Hertz knows it, and Avis too. The two car rental giants are the poster cases for the ways technology may be forcing an entire business model, well, off the road.
Both firms have been reporting the impact of Uber and the ride-hailing rise. Hertz announced news on Tuesday (August 8) that losses are continuing, and Avis cut its profit projections. Bloomberg noted the problems are compounded, in part, by a sort of overbuild, as Hertz has bought more cars than it needs for its fleet and has since been trying to sell some of them off.
Bloomberg likens the existential threat posed by ridesharing to the car rental firms as akin to the Blockbuster demise at the hands of Netflix and other digital film rental conduits. The slow-motion crash may accelerate, and the numbers bear witness. Hertz’s latest report shows losses have continued across three straight quarters, with 63 cents’ worth of red ink on the bottom line worse than consensus.
The newswire noted this is not all Uber’s fault and, instead, ties into missteps against a general malaise in the auto industry. In fact, Uber and Lyft have dinged the businesses of the car rental firms by low single-digit percentages — with that business tied to rentals at airports — according to Hamzah Mazari, analyst at investment banking and diversified financial services group Macquarie, in the Bloomberg article.
The worst case scenario? Some bears on Wall Street see an impact at 25 percent of revenues lured away via app-driven drives. As Bloomberg noted, Mazari thinks the impact is more likely to be around 5 percent to 7 percent.

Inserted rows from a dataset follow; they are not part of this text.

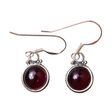 Deep Red Garnet Earrings in Sterling Silver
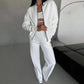 Women’s 2-Piece Zip-Up Sweatsuit Set — Jacket & Wide-Leg Sweatpants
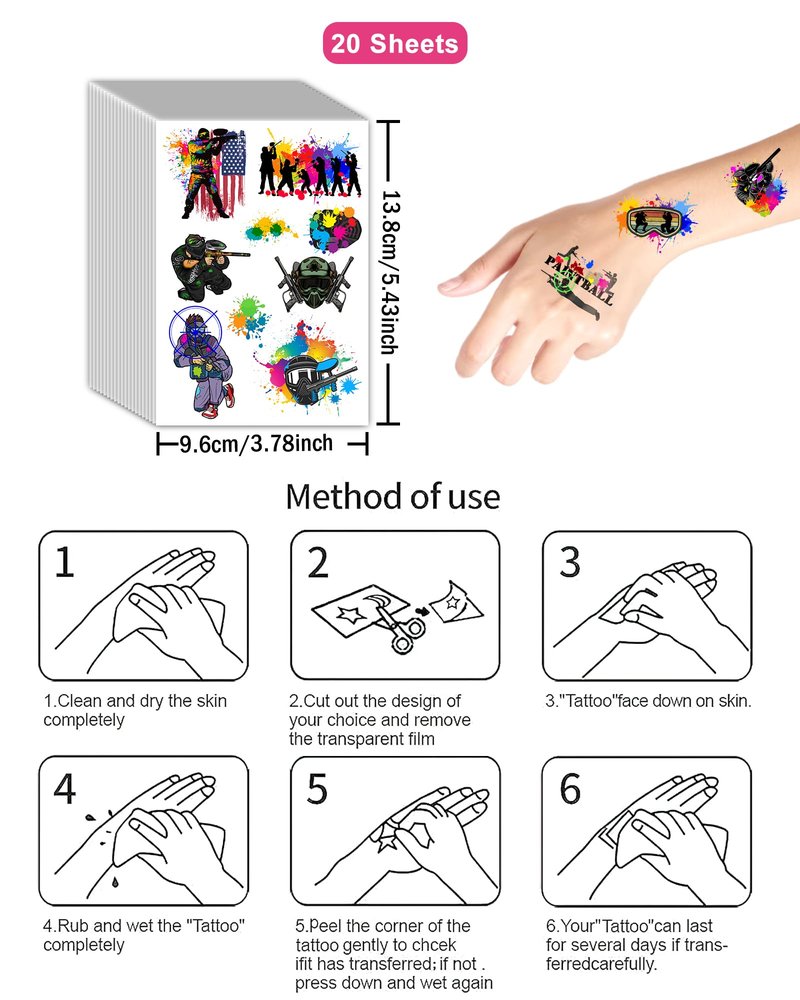 YanZonic 204Pcs Paintball Temporary Tattoos - Fun Kids Paintballs Tattoos Temporary Stickers Favors for Paintball Birthday Decorations, Paintball Party Supplies Class School Carnival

So what are the other headwinds? Along with a larger-than-needed fleet, Hertz has had to drop its rental rates to keep its vehicles on the road. And, to make matters worse, millions of cars are coming back to the car companies off of expiring leases, which means that selling older rental cars — an additional top-line generator for Hertz and peers — is not as easy as once it was.
But perhaps not all is lost. In discussing its latest earnings on Tuesday, Avis CEO Larry De Shon said there had been an inflection in pricing in June and that rental rates are starting to pick up. The longer-range plan, as noted by Bloomberg, and one that takes aim at technology, involves leasing cars to Uber drivers, a business model currently in the pilot testing stage.
Avis has a pact in place with Google’ autonomous car development company Waymo to help manage self-driving vehicles based and operating in Phoenix, Arizona. Hertz has an agreement with Apple in which the tech giant will lease Lexus SUVs from the car rental firm and test autonomous driving technology.
The road is a long and bumpy one, and it remains to be seen whether these new efforts will bear fruit. But, like those spiky barriers remind us at the car rental agencies themselves, the only way to go is forward.